Genome complexity: DNA 3-D importance in replication (Introduction)

by David Turell @, Thursday, January 03, 2019, 19:03 (1912 days ago) @ dhw

QUOTE: "'If you duplicate at a different place and time, you might assemble a completely different structure," Gilbert said. "A cell has different things available to it at different times. Changing when something replicates changes the packaging of the genetic information.'"

DAVID’s comment: Just as Shapiro shows, DNA can be edited by cells. The implication is that this ability was present when bacteria appeared early in evolution. 3-D DNA is a major key to the amazing variations in controls DNA can exert just by its own 3-D relationships and how they change. Just where are the instructions to guide DNA contortions? Probably in other parts of the specific DNA. This is obviously key evidence as to how as few as 22,000 genes make a complex human.

dhw: If different structures result from duplication at a different place and time, we have a clear indication that evolution (= changing structures) is heavily dependent on place and time (= the current environment). We then go back to your belief that all the instructions for all the undabbled changes were implanted 3.8 billion years ago, and to my alternative hypothesis that somewhere within the cell/cell community is an autonomous intelligence (as championed by the same Shapiro, and possibly invented by your God) which enables it to change itself in accordance with the needs or opportunities that arise from the current environment.

DAVID: We both now agree that DNA editing by unicellular organisms happens. I view it as part of God's information/instructions used by the cell, and you admit it is possible. We both agree about Shapiro who experimentally showed it.
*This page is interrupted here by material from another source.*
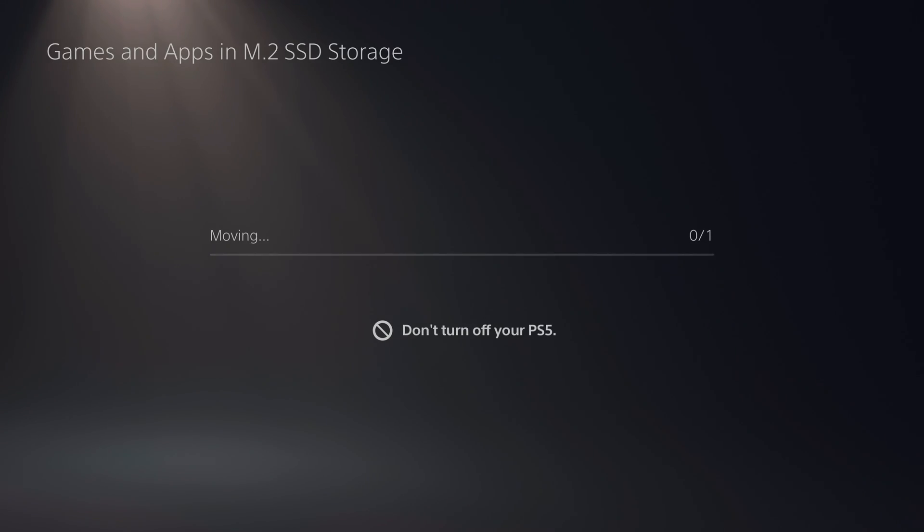Once you've done that, go ahead and uninstall the drive from the system after you shut it down, and then you'll need to get it set up in a PC.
dhw: The question is not whether DNA editing happens, but whether your God’s “information/instructions used by the cell” means a specific, 3.8-billion-year-old programme for every single change in the history of evolution, switched on automatically by the cell when conditions require or allow it – which seems to me extremely unlikely – or a mechanism which enables the cell to change itself autonomously, i.e. to devise its own programme as conditions change. Shapiro clearly believes in the latter.

The only issue here is I believe God gave the cells that mechanism.


DAVID (under “Gulls change wing shape”): Helps them glide and fly in different ways:
https://techxplore.com/news/2019-01-zoologists-reveal-gulls-wing-morph.html

DAVID: It is not known if the original gulls had this ability from the beginning or developed it over time. If it wasn't present in the beginning they had trouble hunting over the oceans so one can wonder how they survived until they developed these adaptations of elbow joints which require exact design.

dhw: Perhaps they initially found plenty of food close at wing (like pre-whales having plenty of food close at leg) but then conditions changed and they had to hunt further afield, which occasioned the changes made by the cell communities that constitute the wings and their connections.

You are still using environmental changes to push evolution, but some one or some thing has to do the designing for the large body changes.